Ordinanza interlocutoria di Cassazione Civile Sez. 5 Num. 29281 Anno 2023
Civile Ord. Sez. 5 Num. 29281 Anno 2023
Presidente: COGNOME NOME
Relatore: COGNOME NOME
Data pubblicazione: 20/10/2023
ORDINANZA INTERLOCUTORIA
sul ricorso iscritto al n. 25612/2020 R.G. proposto da:
RAGIONE_SOCIALE, elettivamente domiciliato in INDIRIZZO, presso lo studio dell’avvocato AVV_NOTAIO GENERALE DELLO STATO . (P_IVA) che lo rappresenta e difende
-ricorrente-
contro
COGNOME NOME, domiciliato ex lege in ROMA, INDIRIZZO presso la CANCELLERIA della CORTE di CASSAZIONE, rappresentato e difeso dall’avvocato COGNOME NOME (CODICE_FISCALE)
-controricorrente-
avverso SENTENZA di COMM.TRIB.REG. L’AQUILA n. 154/2020 depositata il 28/02/2020.
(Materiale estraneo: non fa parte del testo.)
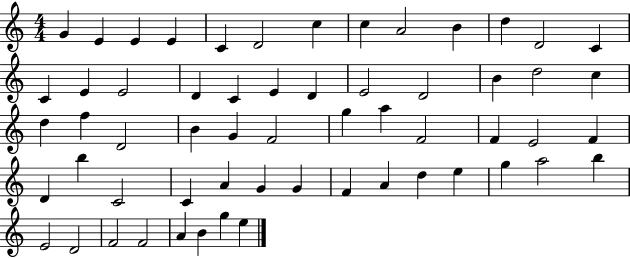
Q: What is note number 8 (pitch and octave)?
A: C5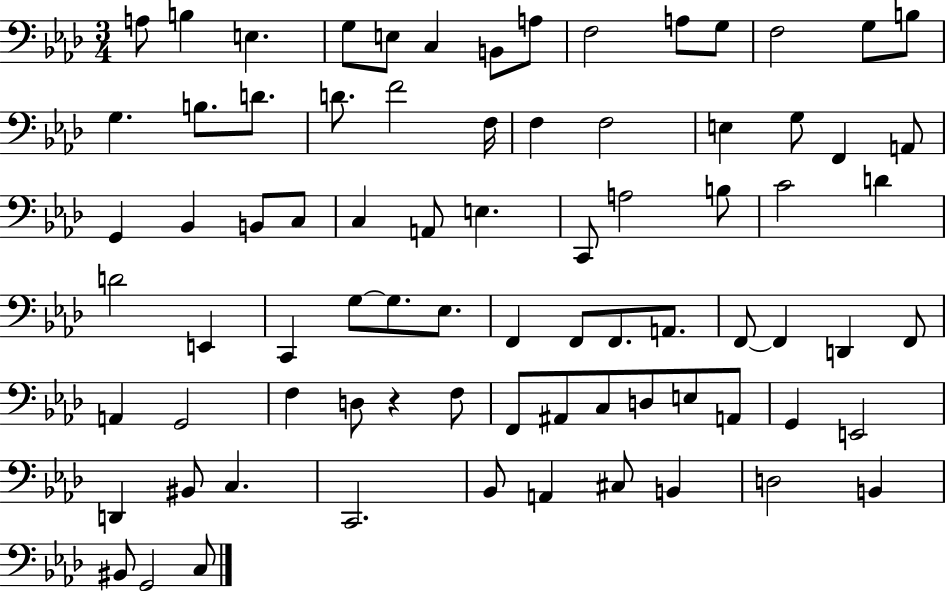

Udita la relazione svolta nella camera di consiglio del 17/10/2023 dal Consigliere NOME COGNOME.
Ritenuto che:
1.l’RAGIONE_SOCIALE delle entrate ricorre per la cassazione della sentenza della CTR dell’Abruzzo che, in controversia su impugnazione, da parte di NOME COGNOME, di avviso di liquidazione per imposta di registro anno 2015, derivante dal recupero delle agevolazioni provvisoriamente fruite per l’acquisto di un immobile da adibire a ‘prima casa’, ha respinto l’appello dell’Ufficio.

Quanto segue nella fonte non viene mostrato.